Die Sitzung des Kuratoriums am 26. April wurde vom Präsidenten des Kuratoriums, Dr. Sven Halldorn, eröffnet. In seiner anschließenden Rede ging er auf die aktuelle wirtschaftliche Lage in Deutschland ein, die Innovationspolitik der Bundesregierung, auf die Förderprogramme des BMWi, auf das europäische Forschungsprogramm Horizont 2020, auf die Qualitätsinfrastruktur in Bezug auf Messwesen, Akkreditierung und Normung sowie auf die Rahmenbedingungen der Ressortforschung im Zusammenhang mit der Wissenschaftsfreiheitsinitiative. Er betonte, dass die PTB eine wichtige Funktion habe, um die Technologie-Akzeptanz in der Wirtschaft und beim Verbraucher zu erhöhen. Grundlage hierfür seien genaue und rückführbare Messungen, die eine essenzielle Basis für verlässliche sowie qualitätsgesicherte Produktionsprozesse seien. Der technische Fortschritt erfordere ständig erweiterte Messmöglichkeiten, weshalb trotz enormer Konsolidierungsanstrengungen der öffentlichen Haushalte, Forschung, Entwicklung und Innovation eine hohe Priorität für die Bundesregierung haben.

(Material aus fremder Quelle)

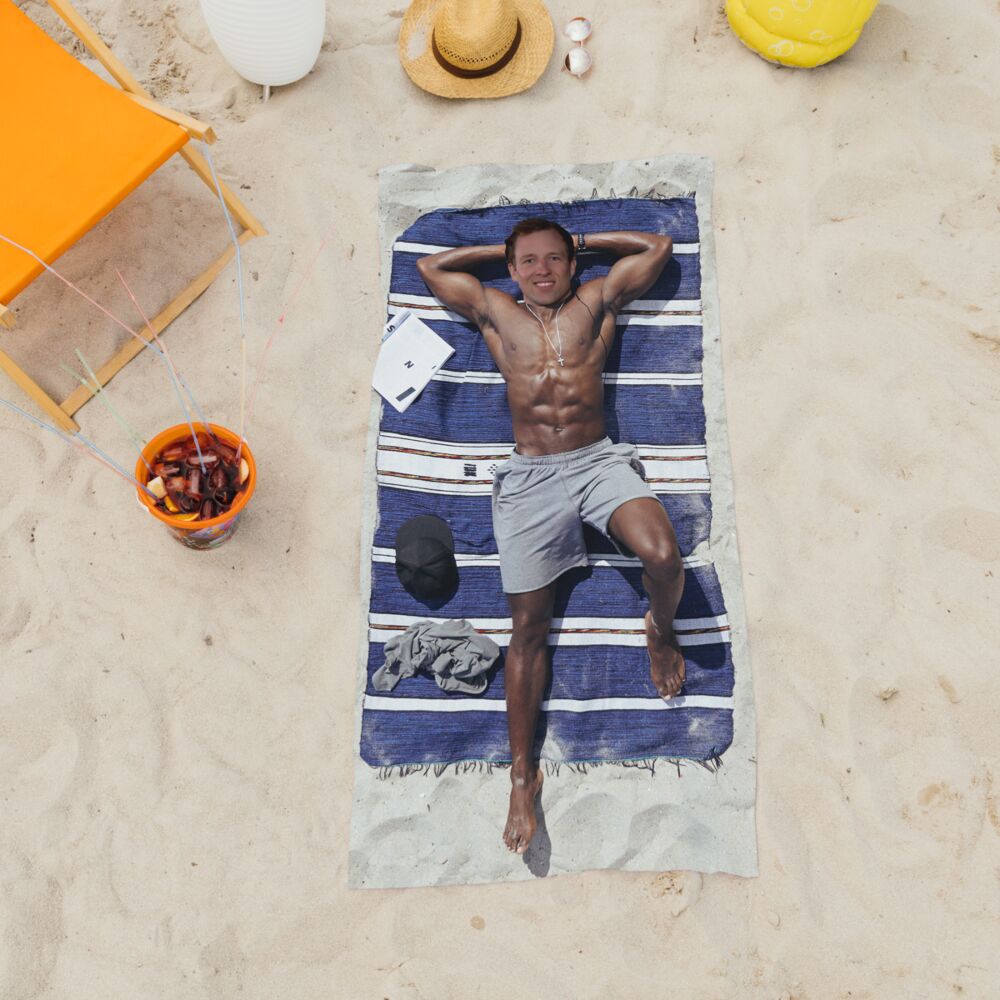 Gepersonaliseerde Handdoek met Droomlichaam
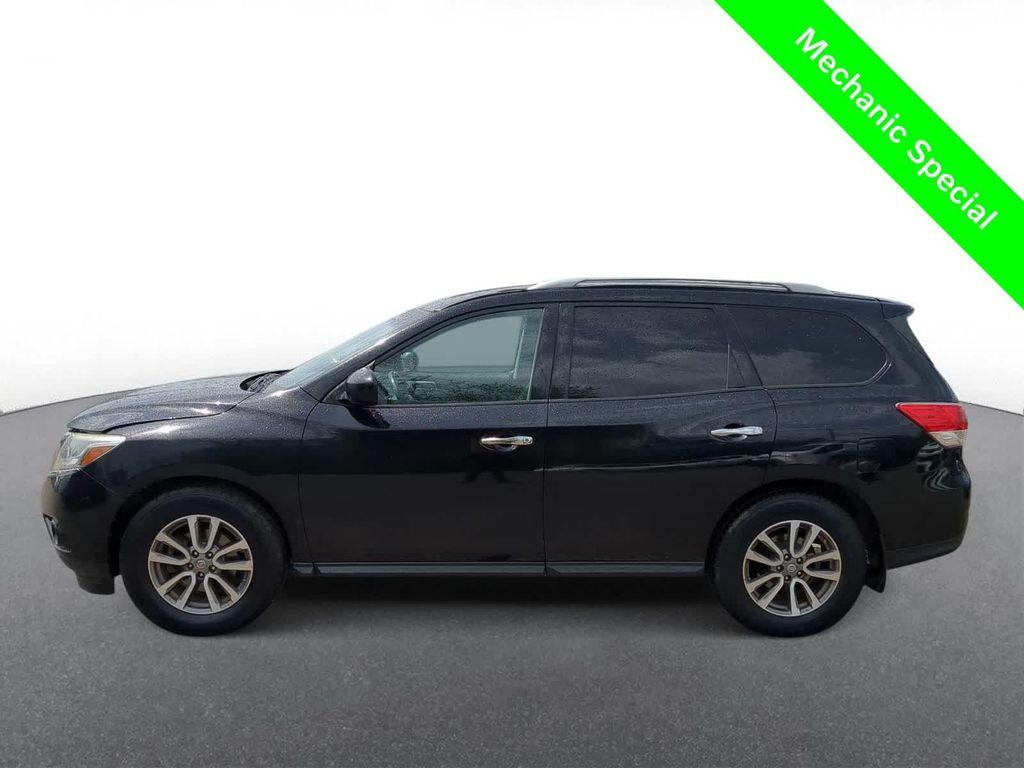used 2013 Nissan Pathfinder car, priced at $2,700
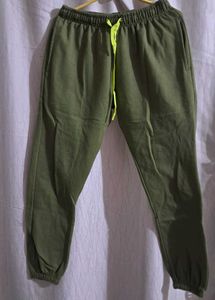 Olive Green Joggers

Im Anschluss daran gab Prof. Ullrich einen Überblick über die wesentlichen Arbeiten der PTB im vergangenen Jahr. Im ersten Teil seines Vortrages ging er auf den Stand und die Fortschritte bei der Weiterentwicklung des Internationalen Einheitensystems (SI) ein. Im Mittelpunkt standen hierbei das Avogadro-Projekt, die Definition des Ampere mit Einzelelektronenschaltungen sowie die Forschung an optischen Atomuhren. Im Anschluss präsentierte er Highlights aus den Dienstleistungsbereichen wie z. B. die geplante Erweiterung der Kraftskala auf 30 MN oder die Anwendung von Profilscannern zur Untersuchung von Mikrostrukturen. Es folgte eine Bilanz des europäischen Metrologie-Forschungsprogramms EMRP und ein Ausblick auf das Nachfolgeprogramm EMPIR. Zum Schluss des Vortrages erwähnte er das neue Doktoranden-Konzept, die Maßnahmen zur Vereinbarkeit von Beruf und Familie und berichtete über die Ausbildung in der PTB.

Aus dem Präsidium

Verleihung des EPS „Historic Site Award“ an die PTB

Am 8. Oktober 2013 wurde der PTB in Berlin von der Europäischen Physikalischen Gesellschaft (EPS) der „Historic Site Award“ verliehen. Mit diesem Preis werden Orte ausgezeichnet, die für die Entwicklung der Physik von großer Bedeutung waren und sind. Mit der Ernennung der PTB wurden die bahnbrechenden wissenschaftlichen und technischen Leistungen, die zu Beginn des 20. Jahrhunderts an der damaligen Physikalisch-Technischen Reichsanstalt (PTR) u. a. von Hermann von Helmholtz, Walter Nernst, Willy Wien und anderen vollbracht wurden, gewürdigt.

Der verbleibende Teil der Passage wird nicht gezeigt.